Computer Vision
Computer vision is a field of AI that enables machines to interpret and understand visual information from images and video. Drawing on digital image processing and deep learning, computer vision systems can identify objects, faces, text, scenes, and actions in visual data.
How Computer Vision Works
Modern computer vision uses convolutional neural networks (CNNs) and Vision Transformers (ViTs) to extract hierarchical visual features. Object detection models (YOLO, R-CNN, DETR) identify and localise objects; segmentation models (SAM, Mask R-CNN) delineate pixel-level boundaries; generative models (diffusion, GANs) create synthetic images. Foundation models like CLIP learn joint text-image embeddings enabling zero-shot visual understanding.
Key Use Cases
- Medical imaging analysis (radiology, pathology)
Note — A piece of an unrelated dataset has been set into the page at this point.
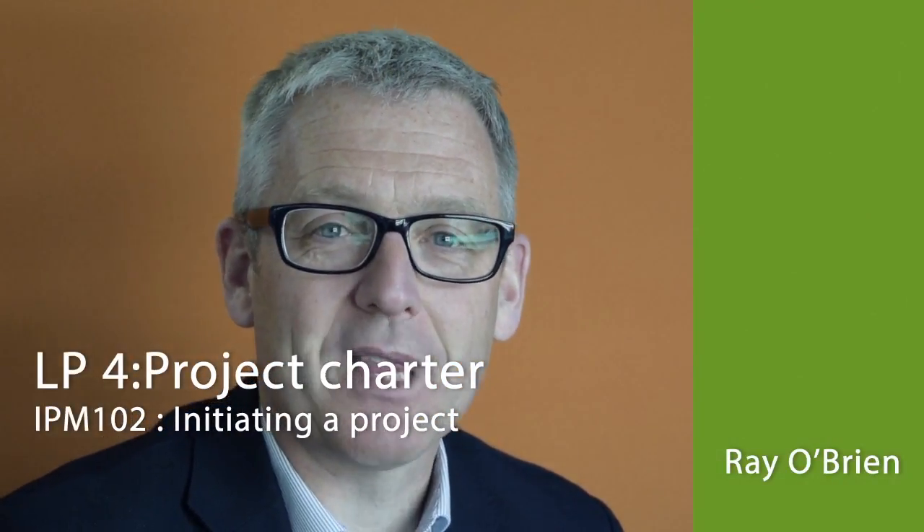Hi and welcome to Intel Project Management course 102. In this course we're looking at the initiation of projects, and the learning path you're about to start is looking specifically at project charters. The project charter is a really important part of your project management. If you don't set up your project charter well, you have not formally established your project well as a project.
- Autonomous vehicle perception
- Retail checkout automation (Amazon Go)
- Industrial quality control and defect detection
- Facial recognition and access control
- Satellite imagery analysis
- Sports analytics and broadcast automation
Frequently Asked Questions
- What is computer vision?
- Computer vision is the field of AI that teaches machines to understand visual data — recognising objects, faces, text, and actions in images and video, often matching or exceeding human performance.
- How does computer vision work?
- Computer vision systems use convolutional neural networks (CNNs) or Vision Transformers trained on millions of labelled images to extract visual features hierarchically — from edges and textures to objects and scenes.
- Where is computer vision used in everyday life?
- Computer vision powers facial unlock on smartphones, photo search in Google Photos, document scanning apps, automatic license plate recognition, product search in retail apps, and content moderation on social platforms.